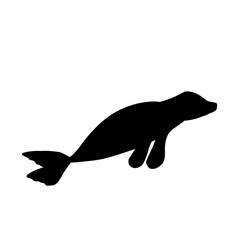 Obraz premium illustration of a seal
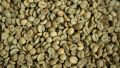 Fresh Green Coffee Beans_200.g.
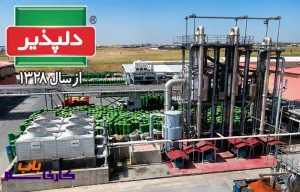 معرفی کامل شرکت دلپذیر در ایران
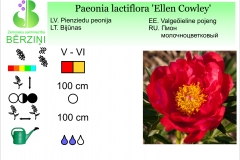 Paeonia lactiflora Ellen Cowley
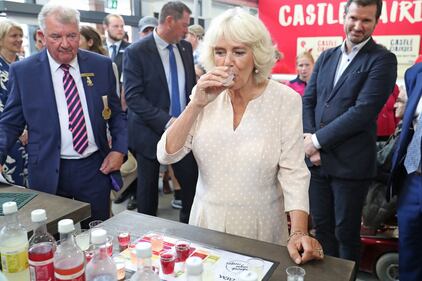 Il principe Carlo e Camilla in attesa del Royal Welsh Show 3
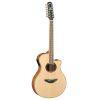 APX700II 12-String Electro-Acoustic Guitar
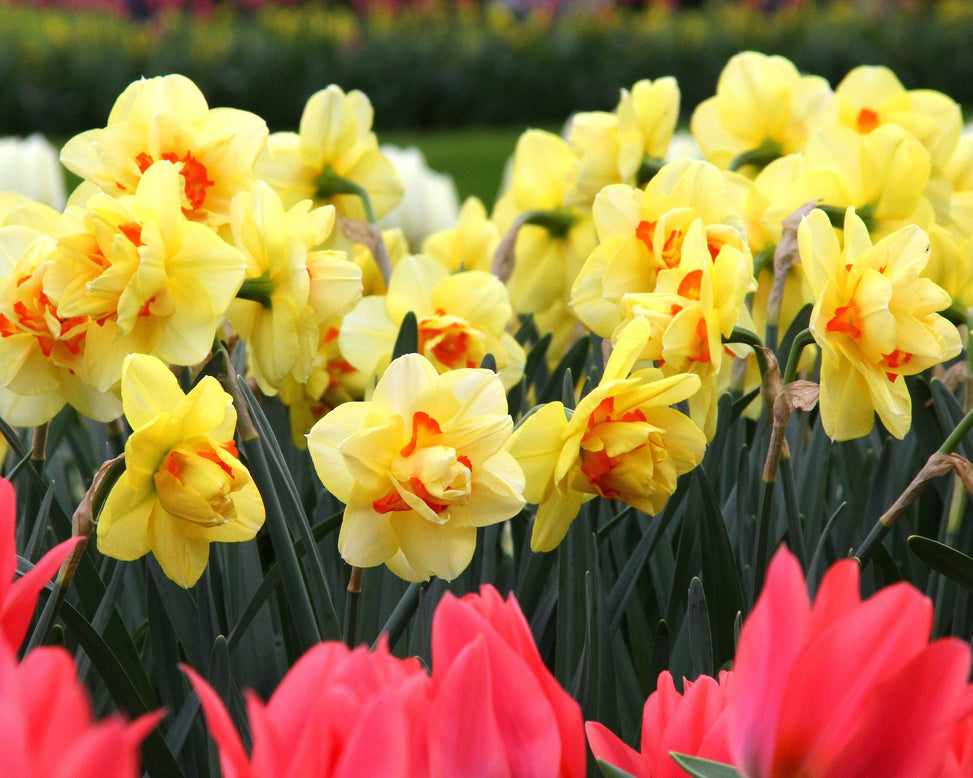 Narcissus 'Ascot'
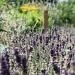 lavender (again) by peadar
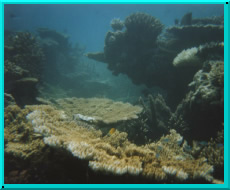 Exploring the reef is indeed great fun.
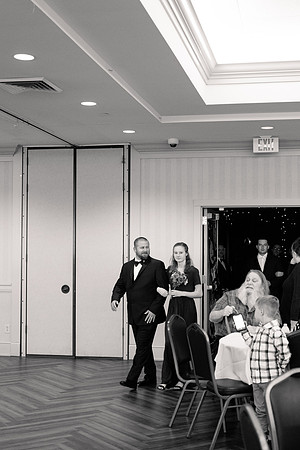Ashley and Victor - Brittany Lynn Imagery LLC - STL St Louis MO Wedding Portrait Photographer BW-71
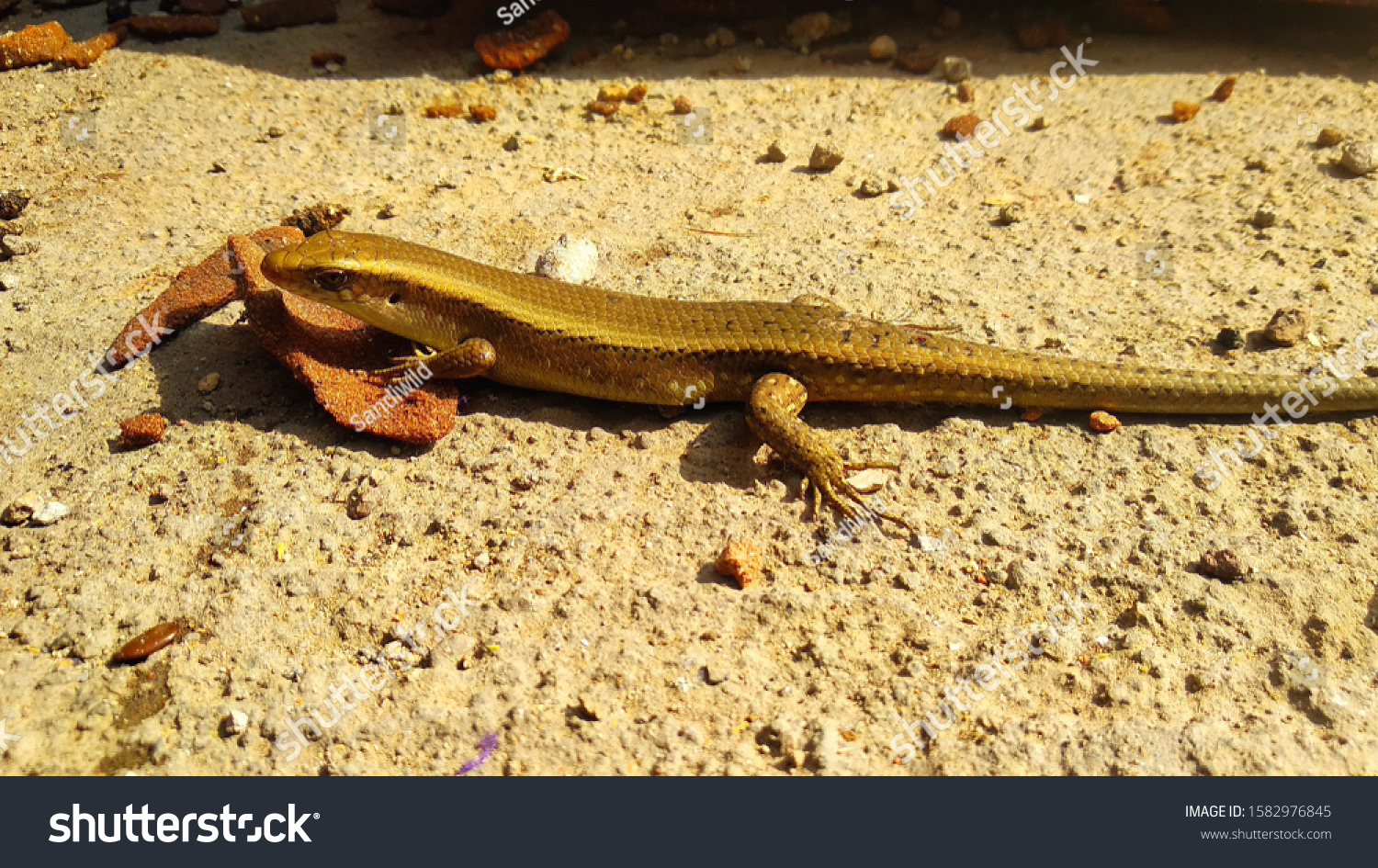 Foto Stok Garden Lizards Called Ordinary Bengkarung Bengkarung Edit Sekarang 1582976845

--------

_Directions_: Return the entries verbatim, pictures excluded.

_Exercise result_:
 Obraz premium illustration of a seal
 Fresh Green Coffee Beans_200.g.
 معرفی کامل شرکت دلپذیر در ایران
 Paeonia lactiflora Ellen Cowley
 Il principe Carlo e Camilla in attesa del Royal Welsh Show 3
 APX700II 12-String Electro-Acoustic Guitar
 Narcissus 'Ascot'
 lavender (again) by peadar
 Exploring the reef is indeed great fun.
Ashley and Victor - Brittany Lynn Imagery LLC - STL St Louis MO Wedding Portrait Photographer BW-71
 Foto Stok Garden Lizards Called Ordinary Bengkarung Bengkarung Edit Sekarang 1582976845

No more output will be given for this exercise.